#### Requirement:
Each line in the entries below that holds the string "Pakistan" is to be listed.

#### Supplied information:
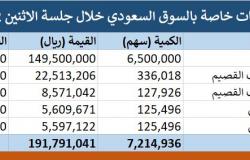 السوق السعودي يشهد تنفيذ 5 صفقات خاصة بـ 191.79 مليون ريال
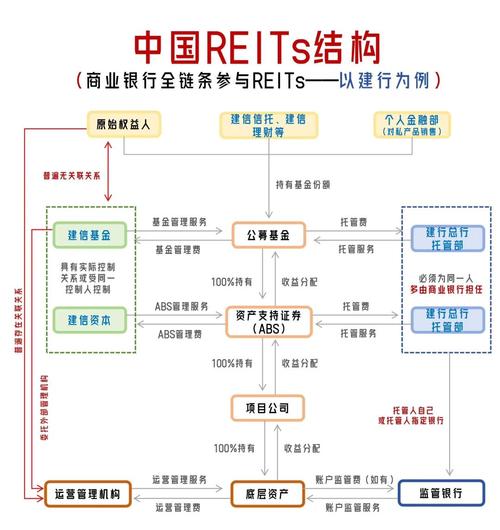 reits二级市场交易规则,reits等-第2张图片 reits二级市场交易规则,reits等-第2张图片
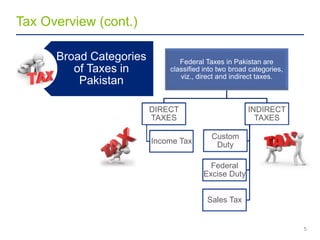 Tax Overview (cont.)
5
Broad Categories
of Taxes in
Pakistan
Federal Taxes in Pakistan are
classified into two broad categories,
viz., direct and indirect taxes.
DIRECT
TAXES
Income Tax
INDIRECT
TAXES
Custom
Duty
Federal
Excise Duty
Sales Tax
 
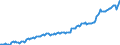 Unit of measure: Index, 2021=100 / Seasonal adjustment: Unadjusted data (i.e. neither seasonally adjusted nor calendar adjusted data) / Indicator: Production index / Statistical classification of economic activities in the European Community (NACE Rev. 2): Construction / Geopolitical entity (reporting): Malta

#### Solution to this exercise:
Pakistan
Federal Taxes in Pakistan are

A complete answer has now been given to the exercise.